The East Meadow Public Library is huge, and therefore diverse. We have patrons from all different ethnicities and lifestyles. In the children’s room, I see many different families. Many of the children have parents whose first language is not English. We also see many patrons with special needs who come in, which presents an entirely different challenge. Our policy is, of course, to serve everyone equally. Every family is permitted to sign their children up for any of our programs and we’re expected to provide assistance to everyone who asks for it, regardless of any differences we may have. During the holiday season, the children’s room decorations and programs are “winter” themed. We do not pick any one holiday to recognize, so that no one feels left out.
While I haven’t encountered any issues serving such a community, I should note that I haven’t been working at the East Meadow Public Library for very long. The other day, a woman who’d been born in Greece came to me for assistance, and we bonded over our shared culture. My strategy for serving her was no different than any other patron who I didn’t share this similarity with. In the fall, I will be leading a children’s story time program. Since this is a chance to get to know some of the children and their parents more personally, perhaps I will experience difficulties then. With this in mind, I read Garza’s response.
Garza suggests that, no matter who you’re talking to, as a librarian you must always make an effort to understand your patrons. She also reminds readers that it doesn’t matter how different a teen may be from you. Every teen is growing up and just trying to understand the physical and mental changes he or she is going through. YA librarians should make an effort to understand every patron. The teens will appreciate the simple fact that the librarian made an effort to get to know them.

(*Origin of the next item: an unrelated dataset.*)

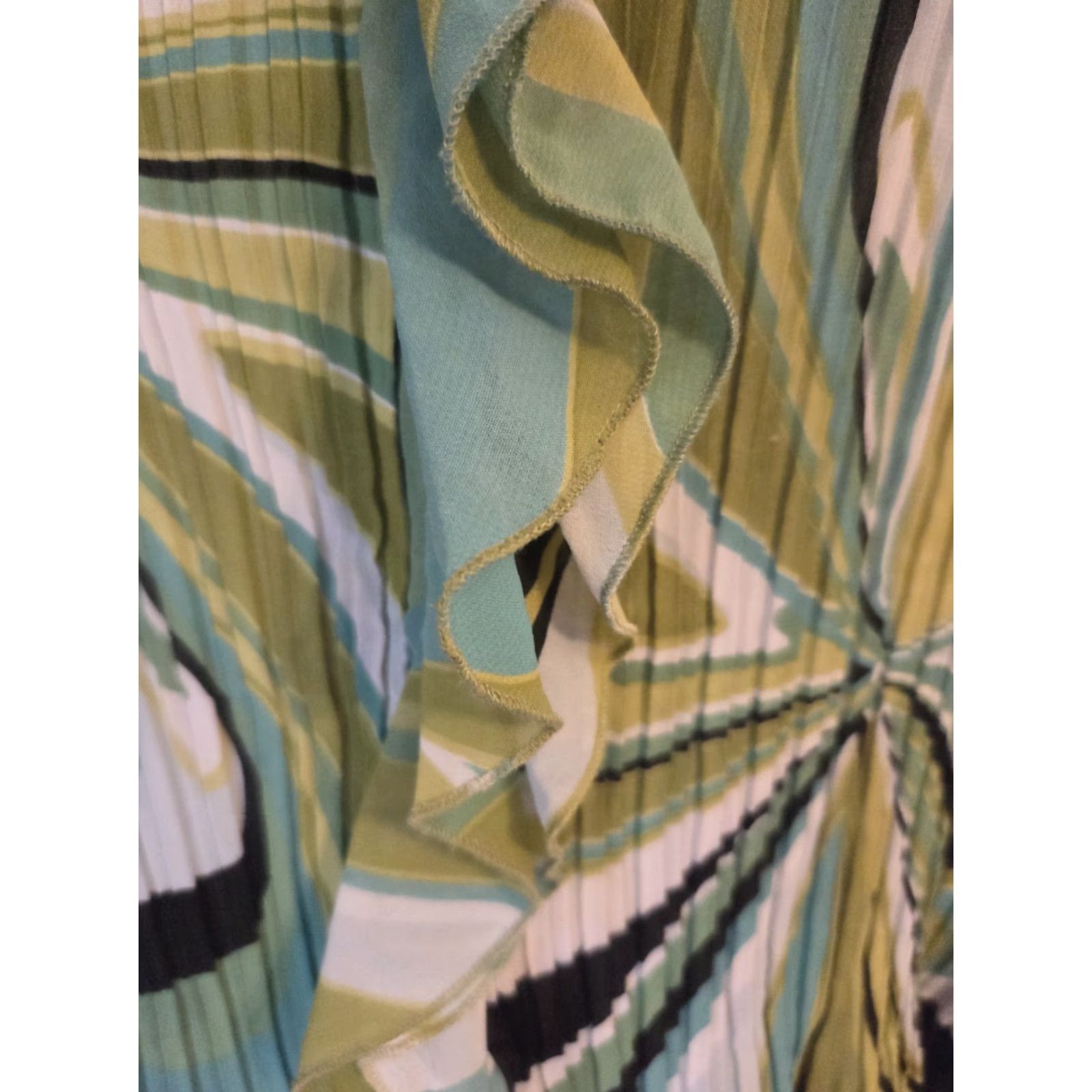 CO NEW YORK CITY DESIGN CO Blouse Abstract Ruffle Button-Up 3X Women Geometric Multicolor Short Flutter Sleeve V-neck Button 3X Blouse Size XXL / US 16-18 / IT 52-54 - 2 Thumbnail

I felt that Garza’s advice was very well thought out and practical. You could tell that she was speaking from personal experience. That being said, I felt that the question stated in italics wasn’t quite addressed. The question is asking her if she finds it difficult to work with teenagers who are different from her, not her advice on how to approach this. Her advice, as previously stated, is useful, but left me wanting to know about her personal experiences with this issue. What are her stories about working with teens who come from different walks of life? Had she ever made a mistake with one of these teens? What has she learned over the years? I thought that information on some of her more personal experiences would’ve added a lot. In the end, I took her advice for what it was, and will keep it in mind as I continue my work at the East Meadow Public Library.